Une alimentation riche en fruits pourrait aider à protéger les poumons des effets néfastes de la pollution atmosphérique, selon une étude présentée lors du congrès de la Société européenne de respiration à Amsterdam, aux Pays-Bas. Les résultats suggèrent que les femmes consommant au moins quatre portions de fruits par jour pourraient être moins affectées par la pollution de l’air.
L’étude, menée par Pimpika Kaewsri, doctorante au Centre pour la santé environnementale et la durabilité de l’Université de Leicester (Royaume-Uni), s’appuie sur les données de la UK Biobank, une vaste base de données regroupant des informations sur près de 200 000 participants.
Les chercheurs ont comparé les habitudes alimentaires des participants – notamment leur consommation de fruits, de légumes et de céréales complètes – avec leur fonction pulmonaire, mesurée par le volume expiratoire maximal par seconde (VEMS1), et leur exposition aux particules fines (PM2.5). Les PM2.5 sont des particules microscopiques, d’un diamètre inférieur à 2,5 micromètres, émises par les gaz d’échappement des véhicules et les processus industriels.
L’analyse a révélé qu’une augmentation de l’exposition aux PM2.5 de cinq microgrammes par mètre cube d’air était associée à une réduction de 78,1 ml du VEMS1 chez les femmes ayant une faible consommation de fruits, contre seulement 57,5 ml chez celles qui en consommaient davantage.
« Notre étude a confirmé qu’une alimentation saine est liée à une meilleure fonction pulmonaire, tant chez les hommes que chez les femmes, quelle que soit leur exposition à la pollution de l’air », explique Pimpika Kaewsri. « Et que les femmes qui consommaient quatre portions de fruits par jour ou plus semblaient avoir des réductions plus faibles de la fonction pulmonaire associées à la pollution de l’air, par rapport à celles qui consommaient moins de fruits. »
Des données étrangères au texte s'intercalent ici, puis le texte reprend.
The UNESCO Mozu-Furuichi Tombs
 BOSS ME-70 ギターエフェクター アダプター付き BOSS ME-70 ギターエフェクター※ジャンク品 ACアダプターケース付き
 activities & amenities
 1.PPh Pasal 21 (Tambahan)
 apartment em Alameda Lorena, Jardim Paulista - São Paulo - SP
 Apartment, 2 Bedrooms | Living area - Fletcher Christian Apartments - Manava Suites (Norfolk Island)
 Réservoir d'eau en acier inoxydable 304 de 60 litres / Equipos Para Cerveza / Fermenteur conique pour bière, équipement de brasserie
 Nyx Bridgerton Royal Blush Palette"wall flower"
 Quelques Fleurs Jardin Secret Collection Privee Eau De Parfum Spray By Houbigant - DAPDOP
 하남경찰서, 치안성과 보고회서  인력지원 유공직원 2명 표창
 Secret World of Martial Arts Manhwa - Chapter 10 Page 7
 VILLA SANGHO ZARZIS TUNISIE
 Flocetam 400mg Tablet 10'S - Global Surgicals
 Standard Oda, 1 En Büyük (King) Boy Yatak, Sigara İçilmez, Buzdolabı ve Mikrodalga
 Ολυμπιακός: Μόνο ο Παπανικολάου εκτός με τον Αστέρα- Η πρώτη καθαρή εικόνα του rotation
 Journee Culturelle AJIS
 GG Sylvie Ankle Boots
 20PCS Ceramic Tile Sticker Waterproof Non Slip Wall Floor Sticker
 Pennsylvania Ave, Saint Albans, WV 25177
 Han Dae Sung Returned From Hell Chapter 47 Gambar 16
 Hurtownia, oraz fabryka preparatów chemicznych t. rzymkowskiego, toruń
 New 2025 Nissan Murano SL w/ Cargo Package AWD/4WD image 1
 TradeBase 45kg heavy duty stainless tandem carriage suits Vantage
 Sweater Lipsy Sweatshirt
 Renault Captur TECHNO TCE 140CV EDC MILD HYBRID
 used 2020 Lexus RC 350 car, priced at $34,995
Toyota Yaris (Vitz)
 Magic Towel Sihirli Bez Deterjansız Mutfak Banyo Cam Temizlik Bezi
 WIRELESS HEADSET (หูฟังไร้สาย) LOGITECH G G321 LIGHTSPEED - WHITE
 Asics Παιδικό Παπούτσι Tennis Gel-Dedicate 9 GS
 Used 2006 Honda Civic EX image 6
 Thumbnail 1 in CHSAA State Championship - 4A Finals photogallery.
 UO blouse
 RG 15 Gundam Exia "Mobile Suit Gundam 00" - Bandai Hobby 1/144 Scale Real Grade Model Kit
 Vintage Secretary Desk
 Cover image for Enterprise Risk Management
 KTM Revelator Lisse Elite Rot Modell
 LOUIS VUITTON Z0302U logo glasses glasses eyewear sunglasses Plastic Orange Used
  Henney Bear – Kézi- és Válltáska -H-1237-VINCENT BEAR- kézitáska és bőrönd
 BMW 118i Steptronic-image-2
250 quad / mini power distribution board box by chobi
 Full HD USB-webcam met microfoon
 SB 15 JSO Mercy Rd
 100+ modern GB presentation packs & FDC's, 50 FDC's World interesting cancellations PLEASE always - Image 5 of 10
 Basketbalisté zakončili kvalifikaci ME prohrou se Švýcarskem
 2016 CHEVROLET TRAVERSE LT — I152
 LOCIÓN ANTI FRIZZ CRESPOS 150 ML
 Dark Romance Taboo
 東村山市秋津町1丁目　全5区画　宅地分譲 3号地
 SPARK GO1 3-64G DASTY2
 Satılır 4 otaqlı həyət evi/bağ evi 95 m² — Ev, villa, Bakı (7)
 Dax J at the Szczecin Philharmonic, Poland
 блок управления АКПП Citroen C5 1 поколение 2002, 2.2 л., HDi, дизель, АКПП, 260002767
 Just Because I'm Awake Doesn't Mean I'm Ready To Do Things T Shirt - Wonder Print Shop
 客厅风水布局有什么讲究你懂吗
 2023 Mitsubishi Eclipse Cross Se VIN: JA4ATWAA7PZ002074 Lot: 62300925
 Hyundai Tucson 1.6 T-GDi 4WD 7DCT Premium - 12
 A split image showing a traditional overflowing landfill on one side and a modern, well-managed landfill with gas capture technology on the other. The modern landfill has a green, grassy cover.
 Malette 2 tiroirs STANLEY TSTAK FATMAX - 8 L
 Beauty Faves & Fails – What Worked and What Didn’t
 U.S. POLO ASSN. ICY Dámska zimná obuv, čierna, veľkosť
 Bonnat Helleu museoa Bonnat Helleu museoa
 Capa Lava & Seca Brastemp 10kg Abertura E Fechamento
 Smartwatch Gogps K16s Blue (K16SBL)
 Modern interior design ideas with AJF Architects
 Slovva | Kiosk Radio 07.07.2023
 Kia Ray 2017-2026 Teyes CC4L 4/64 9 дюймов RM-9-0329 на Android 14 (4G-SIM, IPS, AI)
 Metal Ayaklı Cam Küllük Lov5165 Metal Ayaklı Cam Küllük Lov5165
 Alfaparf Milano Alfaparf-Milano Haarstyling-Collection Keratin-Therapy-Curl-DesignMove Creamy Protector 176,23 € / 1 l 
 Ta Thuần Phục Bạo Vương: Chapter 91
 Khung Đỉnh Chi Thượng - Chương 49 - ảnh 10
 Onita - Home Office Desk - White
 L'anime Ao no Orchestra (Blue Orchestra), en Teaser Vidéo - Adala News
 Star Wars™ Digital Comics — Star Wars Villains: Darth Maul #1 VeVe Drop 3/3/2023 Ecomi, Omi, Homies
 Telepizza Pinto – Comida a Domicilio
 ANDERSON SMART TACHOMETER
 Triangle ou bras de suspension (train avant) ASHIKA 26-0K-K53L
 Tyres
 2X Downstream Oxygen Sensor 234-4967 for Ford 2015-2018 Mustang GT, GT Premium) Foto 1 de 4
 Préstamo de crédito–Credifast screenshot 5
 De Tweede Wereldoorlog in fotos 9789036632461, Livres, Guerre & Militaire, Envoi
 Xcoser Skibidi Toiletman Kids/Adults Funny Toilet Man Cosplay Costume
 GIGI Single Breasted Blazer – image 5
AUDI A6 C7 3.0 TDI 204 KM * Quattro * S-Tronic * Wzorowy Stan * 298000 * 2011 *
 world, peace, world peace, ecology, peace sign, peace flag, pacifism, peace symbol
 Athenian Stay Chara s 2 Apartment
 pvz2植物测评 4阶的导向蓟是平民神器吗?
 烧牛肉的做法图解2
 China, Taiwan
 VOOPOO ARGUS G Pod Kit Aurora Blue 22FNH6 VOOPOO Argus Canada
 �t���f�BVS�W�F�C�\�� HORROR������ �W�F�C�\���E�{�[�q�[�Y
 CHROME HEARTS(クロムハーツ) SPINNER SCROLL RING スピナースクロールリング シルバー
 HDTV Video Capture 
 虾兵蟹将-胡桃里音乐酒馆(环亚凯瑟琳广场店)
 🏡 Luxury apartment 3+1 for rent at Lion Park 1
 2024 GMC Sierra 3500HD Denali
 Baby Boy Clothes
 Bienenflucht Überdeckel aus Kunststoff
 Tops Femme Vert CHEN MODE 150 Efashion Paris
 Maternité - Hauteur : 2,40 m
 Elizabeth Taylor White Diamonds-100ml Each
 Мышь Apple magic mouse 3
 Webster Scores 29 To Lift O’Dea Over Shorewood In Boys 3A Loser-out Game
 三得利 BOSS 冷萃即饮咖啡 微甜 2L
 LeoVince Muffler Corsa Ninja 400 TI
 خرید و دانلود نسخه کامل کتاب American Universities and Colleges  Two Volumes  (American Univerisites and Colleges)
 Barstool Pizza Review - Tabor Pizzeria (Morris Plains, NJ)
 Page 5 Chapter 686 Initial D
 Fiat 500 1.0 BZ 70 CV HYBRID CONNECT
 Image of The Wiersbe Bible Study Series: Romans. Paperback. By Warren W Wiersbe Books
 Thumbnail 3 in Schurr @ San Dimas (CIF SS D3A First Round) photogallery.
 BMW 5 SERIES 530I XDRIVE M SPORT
Les chercheurs pensent que les composés antioxydants et anti-inflammatoires naturellement présents dans les fruits pourraient jouer un rôle protecteur en atténuant le stress oxydatif et l’inflammation causés par les particules fines. « Cela pourrait aider à compenser certains des effets nocifs de la pollution de l’air sur la fonction pulmonaire », précise Mme Kaewsri.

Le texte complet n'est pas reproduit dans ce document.